• **Your assignment**:
Look through the entries below and copy exactly the part that begins with the line containing "Here are some" and ends with the line containing "Drenching livestock refers". Do not copy the pictures.

• **Dataset**:
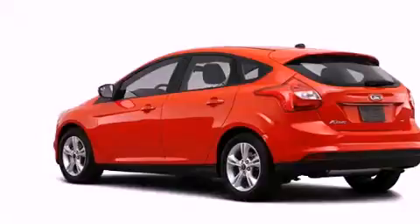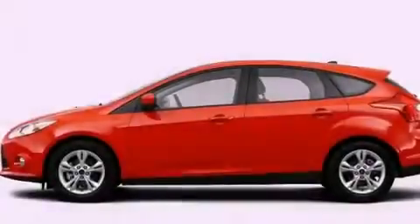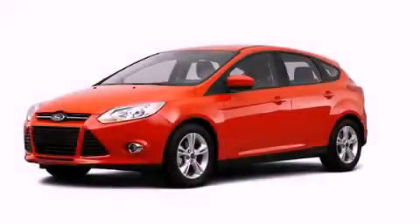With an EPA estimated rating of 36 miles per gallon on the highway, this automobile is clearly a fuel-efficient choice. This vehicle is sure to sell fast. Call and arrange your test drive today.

...

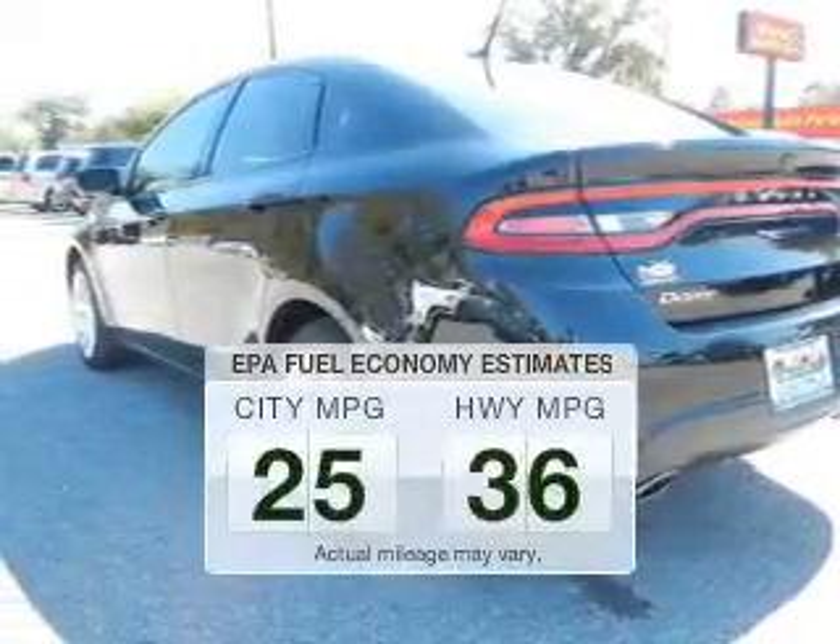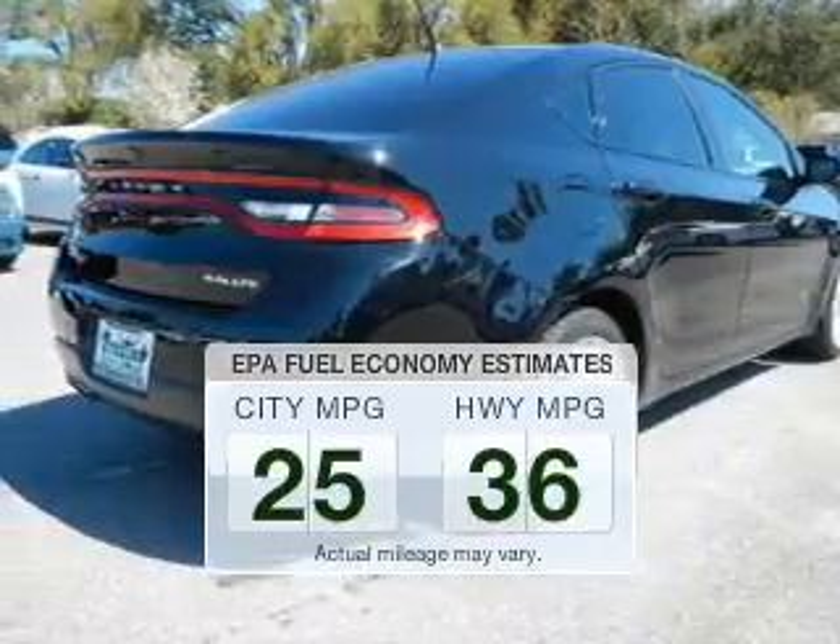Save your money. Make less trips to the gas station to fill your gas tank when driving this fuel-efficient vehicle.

* * *

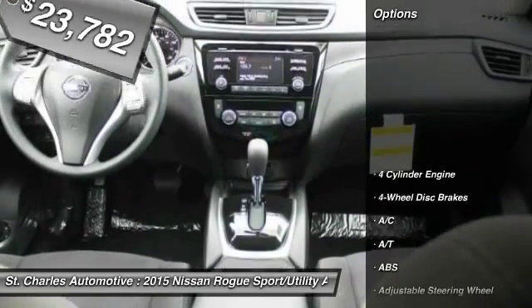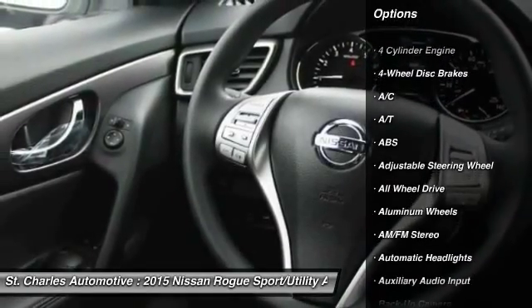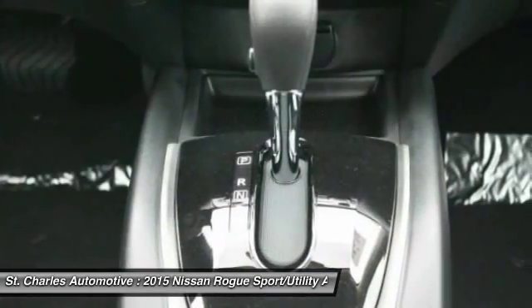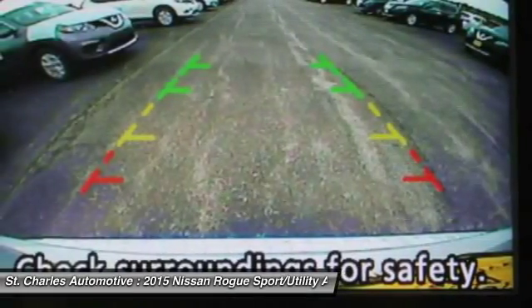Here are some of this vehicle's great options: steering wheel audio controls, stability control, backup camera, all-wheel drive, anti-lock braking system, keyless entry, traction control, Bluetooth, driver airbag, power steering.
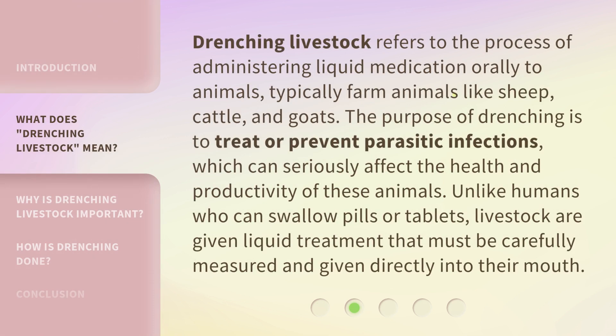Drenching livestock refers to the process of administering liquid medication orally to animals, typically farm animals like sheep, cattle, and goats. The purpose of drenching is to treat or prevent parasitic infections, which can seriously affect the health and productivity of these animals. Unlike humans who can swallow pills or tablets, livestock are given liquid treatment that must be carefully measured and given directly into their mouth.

• **Solved exercise**:
Here are some of this vehicle's great options: steering wheel audio controls, stability control, backup camera, all-wheel drive, anti-lock braking system, keyless entry, traction control, Bluetooth, driver airbag, power steering.
Drenching livestock refers to the process of administering liquid medication orally to animals, typically farm animals like sheep, cattle, and goats. The purpose of drenching is to treat or prevent parasitic infections, which can seriously affect the health and productivity of these animals. Unlike humans who can swallow pills or tablets, livestock are given liquid treatment that must be carefully measured and given directly into their mouth.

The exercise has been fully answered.